Candidates for office in the May 21 primary filed nominating petitions last week, and now hope for good ballot position in a random drawing.

Some candidates will also have to beat back challenges to their petitions.

Mayor Jim Kenney filed 24,260 petitions. He’ll face former City Controller Alan Butkovitz and state Sen. Anthony Williams in the Democratic primary.

South Philadelphia lawyer Billy Ciancaglini is the only Republican candidate for mayor. The endorsed candidate, ward leader and party activist Daphne Goggins, was unable to collect enough petitions. Some Republicans tried to recruit retired Aramark executive Martin Welch as a late entry, but he declined.

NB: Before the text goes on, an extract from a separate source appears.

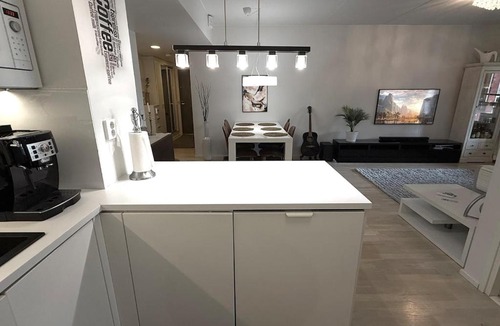 Keskinen District Apartment | Sauna & outdoor hot tub, 6 people, Parking, AC, 2BR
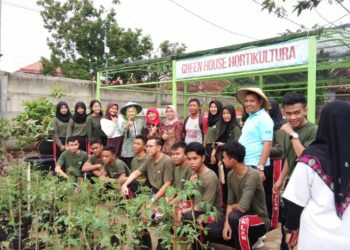 PANEN PERDANA. Panen perdana progran Tanimas di SMAN 9 Bandar Lampung, Jumat (10/1). (LAMPUNG POST/UMAR ROBBANI)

In the race for City Council at-large seats, the Democratic and Republican parties nominate five candidates apiece. Independents and third-party candidates are also able to run in the general election. The top seven finishers in the fall are elected.

There are 34 Democrats running, along with seven Republicans.

Councilman Bobby Henon (D-6th dist.) and Republican challenger Pete Smith, former president of the Tacony Civic Association, are unopposed.

Councilwoman Maria Quinones Sanchez (D-7th dist.) will face state Rep. Angel Cruz in the primary. There is no Republican candidate.

Councilwoman Cherelle Parker (D-9th dist.) will face Archye Leacock and Bobby Curry in the primary. There is no Republican candidate.

Councilman Brian O’Neill (R-10th dist.) is unopposed in the primary and awaits the winner of the Democratic primary between Judy Moore and Taras Smerechanskyy.

In the race for three seats on the city election commission, incumbent Al Schmidt is the only Republican candidate. Thirteen Democrats, including chairwoman Lisa Deeley, of East Torresdale, are in the race. The top two Democrats will advance to the general election.

Register of Wills Ron Donatucci has two Democratic primary challengers, Tracey Gordon and Jacque Whaumbush. No Republican is running.

Sheriff Jewell Williams has three Democratic primary challengers: Rochelle Bilal, Malika Rahman and Larry King Sr. No Republican filed.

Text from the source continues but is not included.